From what I understand from people I know and my phone call to the district, kids with apraxia will qualify for developmental preschool. I guess I will know more once I attend the initial meeting.
Thanks for the website. I have been on there before and seen the recommendations they give regarding therapy frequency.
Is there anything else anyone recommends to bring to the meeting?
Hello! We do not have a dx yet but for now, we have the blanket Global Dev. Delay for DS.
DS was in EI until he started preschool in the fall. He turned 3 in June and all of the evaluations took place in Feb/March of 2012. We met with the school district in April 2012 (prior to turning 3) for a preliminary placement CPSE. At the time, they were recommending that DS would receive services as a push-in only at his current daycare. After much deliberation and conversation with a special ed teacher, we decided to go back to the CPSE and push for more services.
After an hour long meeting, we got them to agree to a half day program at an Inclusion preschool. He would be provided transportation to and from school, have all services there, and eat lunch there as well. He currently has pull out services for Speech, OT, and PT.
I had to go back again for more meetings to put him in the full day program and to increase his therapy sessions.
My suggestion is to bring everything you have with you to the meeting. I have a giant folder I bring with me.

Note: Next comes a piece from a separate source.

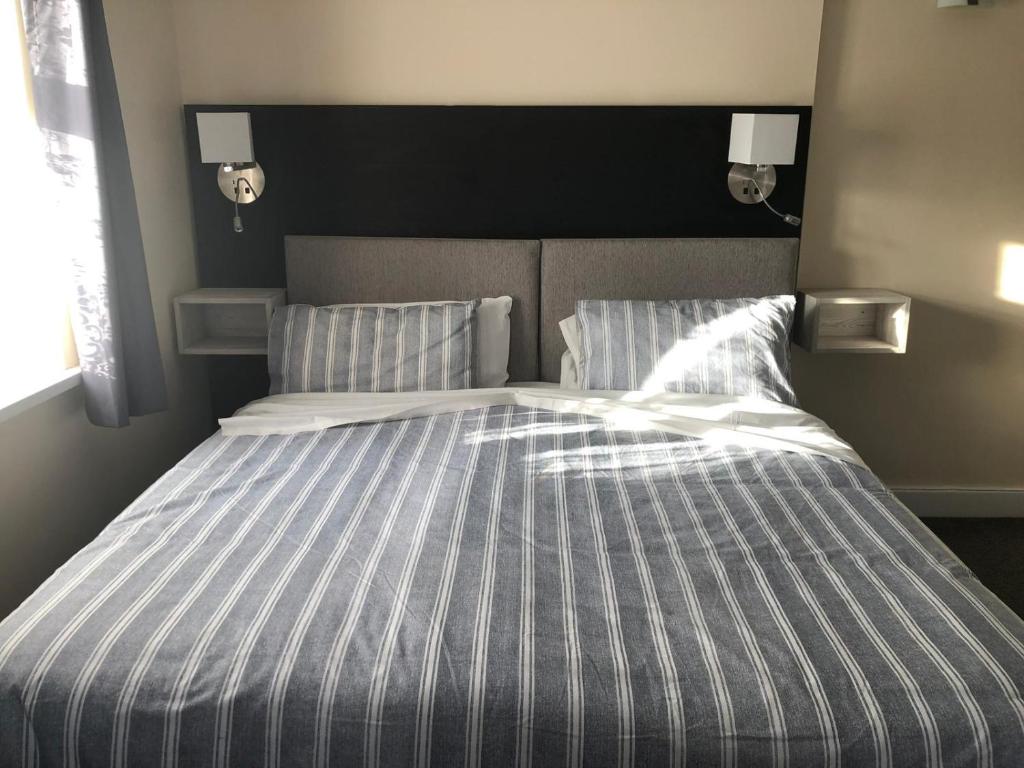 The Old Black Horse Inn - Family Room 4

Also, know that despite the fact that you have a lot of knowledge about your child and what they need, the district may look at you as just "the mom". I am a reading specialist in an inner-city elementary school. I work with disabled and special ed kids everyday and unfortunately, what I had to say was not taken as seriously as the words of their team of evaluators who do not know DS.
IEPs are not set in stone and you can keep going back if what they decide is not working! Good Luck!
That's the part I'm worried about the district being pleasant and working cooperatively with me. I too teach special Ed but not for the district so I have seen various situations at IEPs.
Do you feel having the extra knowledge helped you get services for your DS?